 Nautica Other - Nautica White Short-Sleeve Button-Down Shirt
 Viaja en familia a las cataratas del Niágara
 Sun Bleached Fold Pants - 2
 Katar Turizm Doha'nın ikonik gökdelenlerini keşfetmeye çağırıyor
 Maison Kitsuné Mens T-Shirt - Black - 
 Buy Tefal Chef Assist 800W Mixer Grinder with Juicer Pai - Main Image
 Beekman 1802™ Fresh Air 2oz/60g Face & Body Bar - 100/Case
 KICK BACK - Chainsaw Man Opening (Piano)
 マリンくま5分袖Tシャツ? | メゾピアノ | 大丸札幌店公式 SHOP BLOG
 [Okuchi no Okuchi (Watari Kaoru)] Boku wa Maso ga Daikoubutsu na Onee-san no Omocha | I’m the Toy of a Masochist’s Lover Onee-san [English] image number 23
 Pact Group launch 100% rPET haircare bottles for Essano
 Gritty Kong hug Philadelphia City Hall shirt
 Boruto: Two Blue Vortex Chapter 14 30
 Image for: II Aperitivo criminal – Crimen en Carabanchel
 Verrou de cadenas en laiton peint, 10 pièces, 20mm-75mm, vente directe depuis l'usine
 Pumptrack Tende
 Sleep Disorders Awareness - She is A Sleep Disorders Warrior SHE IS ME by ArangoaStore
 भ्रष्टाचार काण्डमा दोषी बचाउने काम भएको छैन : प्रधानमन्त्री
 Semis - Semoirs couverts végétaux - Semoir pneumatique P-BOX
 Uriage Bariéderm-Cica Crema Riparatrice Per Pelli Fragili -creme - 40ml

About this task
All that belongs in your answer is the stretch of entries above from the line with "KICK BACK - Chainsaw Man Opening (Piano)" through the line with "Image for: II", printed exactly.

Solution for this problem
 KICK BACK - Chainsaw Man Opening (Piano)
 マリンくま5分袖Tシャツ? | メゾピアノ | 大丸札幌店公式 SHOP BLOG
 [Okuchi no Okuchi (Watari Kaoru)] Boku wa Maso ga Daikoubutsu na Onee-san no Omocha | I’m the Toy of a Masochist’s Lover Onee-san [English] image number 23
 Pact Group launch 100% rPET haircare bottles for Essano
 Gritty Kong hug Philadelphia City Hall shirt
 Boruto: Two Blue Vortex Chapter 14 30
 Image for: II Aperitivo criminal – Crimen en Carabanchel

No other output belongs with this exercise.